A short sale happens when a homeowner agrees to sell their property for less than the amount owed on a mortgage loan. This sale cannot happen without the lender’s approval.
The usual result is that the seller will continue to owe money to the lender after the sale. However, it’s also considered a viable alternative to foreclosure, with the seller’s credit remaining intact.
Usually, a short sale comes into consideration when the seller falls behind in their mortgage payments, often by several months. Rather than let the situation continue to worsen, the bank becomes willing to sell the property at a loss. Some money is better than no money, and the lender may be able to recoup at least some of the original costs.
A reason to push for a short sale when necessary: nobody wants foreclosure; not the seller nor the lender. A foreclosure becomes costly to the lender, who must pay all the associated costs, which may include eviction. The lender may also be responsible for any repairs and maintenance that must be performed on the property before it can be ready for resale.
The bank has the option of foreclosure instead of a short sale, but the idea of a vacant, delinquent, foreclosed property appeals to no one.
A short sale may be where the buyer benefits too. The buyer may get a great deal on a terrific property that would otherwise be out of their ballpark. The bank may offer the property at more favorable terms in order to attract more buyers. Low interest rates and other terms in favor of the buyer may get the property sold faster, and off the lender’s back.
Of course, the homeowner may not always be so cooperative when it comes to settling on a short sale. A resentful homeowner may cause damage and acts of vandalism on the property.
In most cases, a short sale may seem like the most sensible option to a desperate homeowner, preventing damage to their credit and presenting a quicker recovery so the owner could move on and put the unfortunate episode behind them.
To get the best broker price opinion (BPO) for a short sale, The Balance suggests the following:
- Unlike a typical appraisal, avoid looking at the location or taking amenities/upgrades into consideration.
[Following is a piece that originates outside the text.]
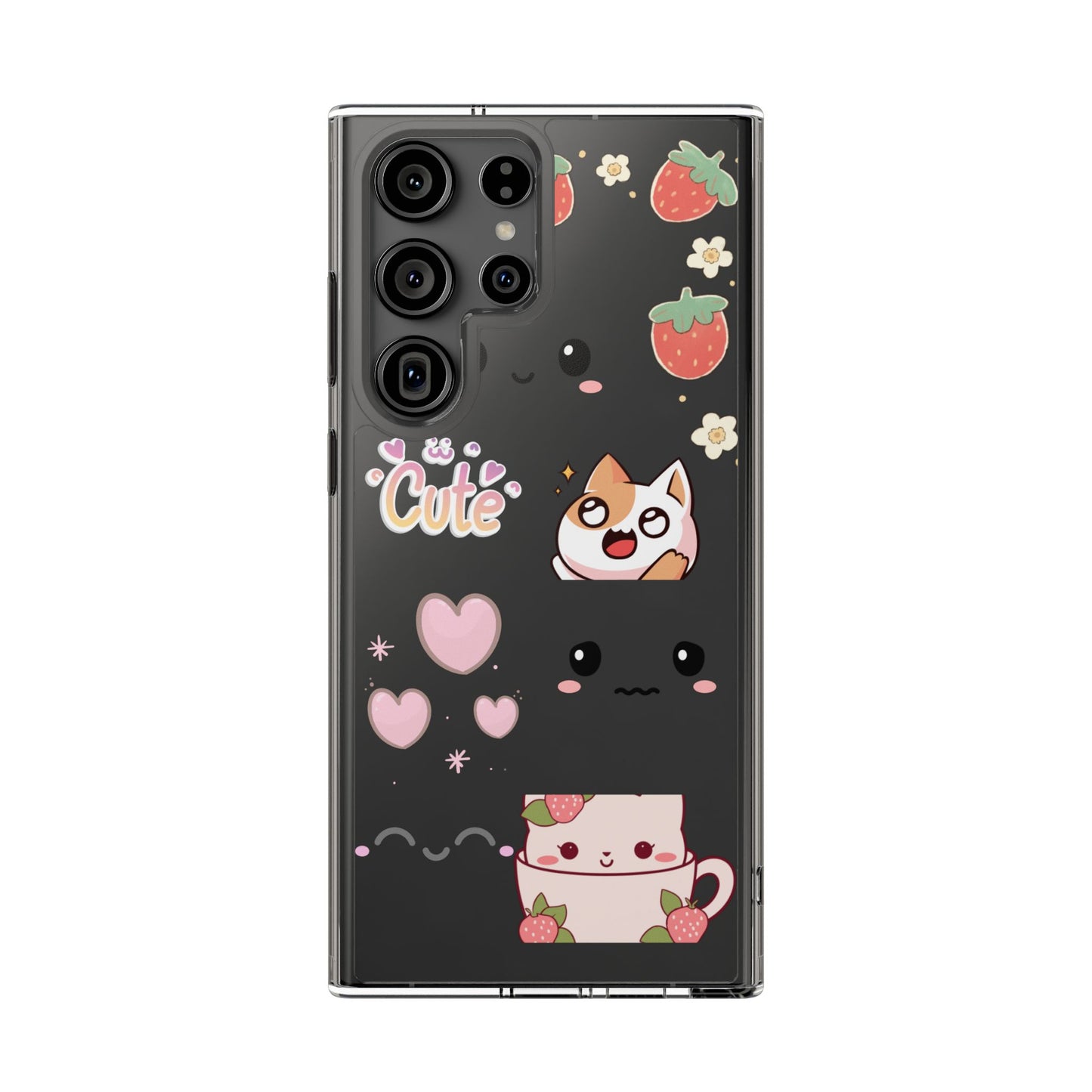 Phone Case, Kawaii Kitty Cute Clear Phone Cover, Fun Colorful Transparent Case, See thru iPhone Case, Charm Design, Gift for Cat Lovers,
- Look for similar square footage and age within a half-mile of the property.
- Average the sold sales by adding them together and dividing by the number of homes sold.
- Use that average per square foot cost multiplied by the square footage of the property in question.
However, the short sale process may not be as easy as it seems. The Balance lists seven disadvantages:
- Short sales can take as long as a year to be finalized.
- Multiple liens on the property may complicate the process. All the lien holders may have to approve the short sale.
- The lender may want to negotiate or counter the short sale offer, which may extend the time it takes to get it approved.
- The short sale property is usually sold “as is,” but a buyer may want to hire a property inspector to take a deeper dive as to what may need improving or repairing.
- A short sale process may cause the buyer to miss other and less complicated buying opportunities.
- The seller may not be approved for a short sale. The buyer must make sure that a short sale has been approved by a lender.
- Short sales usually require all cash or larger down payments. Buyers with cash are considered less risky.